On the basis of an assessment of the current and evolving macroeconomic situation,
RBI has been decided to: Keep the policy repo rate under the liquidity adjustment facility (LAF) unchanged at 8.0 per cent; Keep the cash reserve ratio (CRR) of scheduled banks unchanged at 4.0 per cent of net demand and time liabilities (NDTL); Reduce the statutory liquidity ratio (SLR) of scheduled commercial banks by 50 basis points from 22.5 per cent to 22.0 per cent of their NDTL with effect from the fortnight beginning August 9, 2014; and Continue to provide liquidity under overnight repos at 0.25 per cent of bank- wise NDTL and liquidity under 7-day and 14-day term repos of up to 0.75 per cent of NDTL of the banking system. Consequently, the reverse repo rate under the LAF remains unchanged at 7.0 per cent, and the marginal standing facility (MSF) rate and the Bank Rate at 9.0 per cent. Reasons Behind the Decisions:- The global economic activity is at modest space from a slowdown in Q1. Investor Risk Appetite has buoyed financial markets, partly drawing strength from assurances of continuing monetary policy support in industrial countries. Portfolio flows to emerging market economies(EMEs) have risen strongly, this implies that EMEs remain vulnerable to any changes in investors risk capacity by reassessing the future path of US monetary policy or of any geopolitical tensions. Liquidity conditions have remained broadly stable. Therefore the RBI will review the existing liquidity arrangements and continue to monitor and manage liquidity to ensure adequate flow of credit to the productive sectors. SLR reduction is necessary to enhance liquidity in the money and debt markets so that financial intermediation expands apace with a growing economy. Presently, banks are permitted to exceed the limit of 25 % of total investments under the HTM (Held to Maturity) category. HTM provided the excess comprises only to SLR securities. Bank Holdings of SLR securities in HTM Category are not more than 24.5% of their NDTL. In order to enable banks greater participation in financial markets, this ceiling is being brought down to 24% of NDTL with effect from the fortnight beginning AUGUST 9, 2014. RBI aims to focus to lend more to Production Sectors. The decisions help the govt in manage its finances properly and understands that govt is in path of fiscal consolidation. RBI views to have more frequent term repo actions, lend more towards productive sectors. The slash in SLR is not intended to make loans cheaper but to allow banks to meet the liquidity ratios.
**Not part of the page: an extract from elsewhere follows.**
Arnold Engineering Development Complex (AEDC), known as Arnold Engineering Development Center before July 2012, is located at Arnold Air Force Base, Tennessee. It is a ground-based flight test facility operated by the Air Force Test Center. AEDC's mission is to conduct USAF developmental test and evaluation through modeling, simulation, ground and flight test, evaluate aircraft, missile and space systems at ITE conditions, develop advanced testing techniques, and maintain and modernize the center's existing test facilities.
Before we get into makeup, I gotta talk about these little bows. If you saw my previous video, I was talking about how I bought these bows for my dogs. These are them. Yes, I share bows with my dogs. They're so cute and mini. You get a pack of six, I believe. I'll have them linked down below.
RBI believes that its January 2015 CPI target of 8 percent will likely be met, but said it is critical that the disinflationary process is sustained over the medium-term given upside risks to its January 2016 CPI target of 6 percent.
Obligations put on Indian banks need to be reduced further as they are entering a more competitive environment and the statutory liquidity ratio will have to be cut further.
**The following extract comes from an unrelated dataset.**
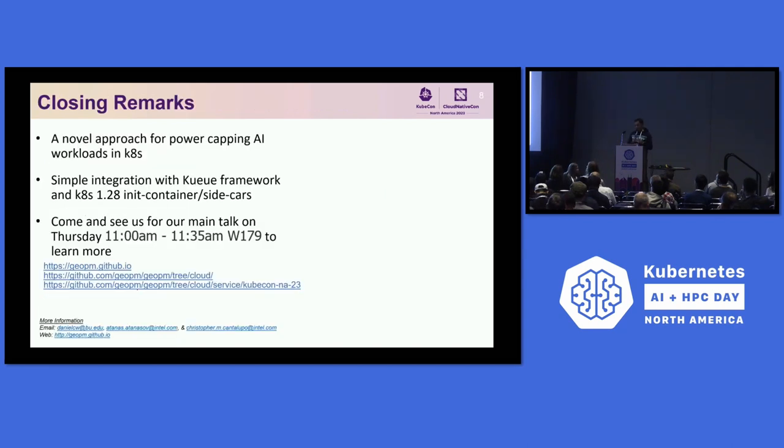As closing remarks, we developed a new approach for power capping of AI workloads in Kubernetes. This is very simply integrated into the Kueue batch framework. We use a new feature of Kubernetes 1.28 — the init container sidecars — which allows us to do prolog and epilog scripts to configure power caps for the nodes. If you're interested to learn more about the full approach, come see us on Thursday from 11 a.m., where we will have a 30-minute presentation.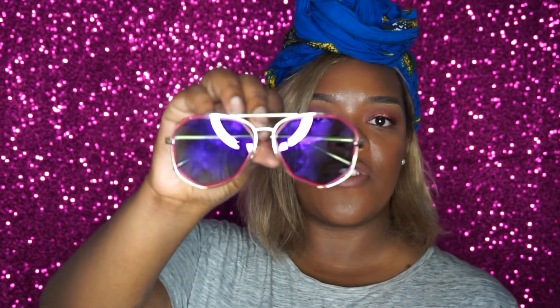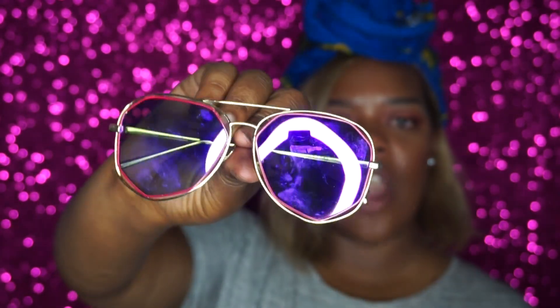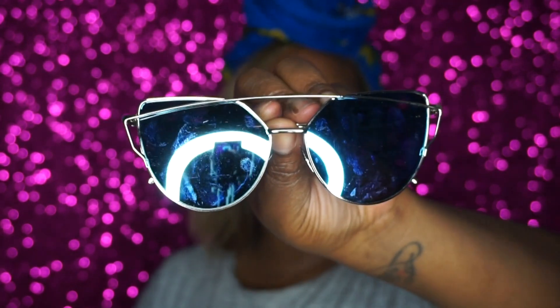I actually have about five or six pairs of shades from Amazon, but I picked out the two I like most to share. The first one has a really different shape — it's not your average aviator, it's a more defined aviator shape with an outline of color. This only ran me about five dollars. I thought they looked crazy at first, but I think they look cool. The other pair was about seven dollars. Instagram boutiques sell these same shades for around twenty dollars, but you can get the same thing on Amazon for super cheap.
IMPACT in Markets The market remained flat when RBI announced its bi-monthly policy review. Sensex was down with 4.46 points at 25718.70 and Nifty up with 4.95 points at 7688.60. About 1242 shares had advanced, 1000 shares declined and 101 shares unchanged. The bond markets remained somewhat nervous post release of the policy statement. The 8.4 percent 2024 G-Sec yields rose 0.78 percent, perhaps sensing some hawkish tones. That said, rates are likely to remain in a range of 20-30 basis points from the current 8.55 percent. Investor Outlook after policy Global economic activity picking up modestly. Investor risk appetite has buoyed financial markets, but emerging market economies vulnerable to reassessment of US monetary policy or possible escalation of geopolitical tensions. The reduction in HTM was also not viewed too kindly by stock markets as banking stocks fell. Lower HTM would expose banks investments to the price vagaries (as they have to be marked to market). Investors have seen this policy as a hawkish tone.
Sectors Affected Initially the Bank Nifty fell to 15135 points from a days highest of 15316 points. The stock remained volatile till 2pm and suddenly recovered to 15293.35 points. The second stock that had effect was BSE IT which was hovering around 9823 points and just after the policy been presented it dropped to 9743 points.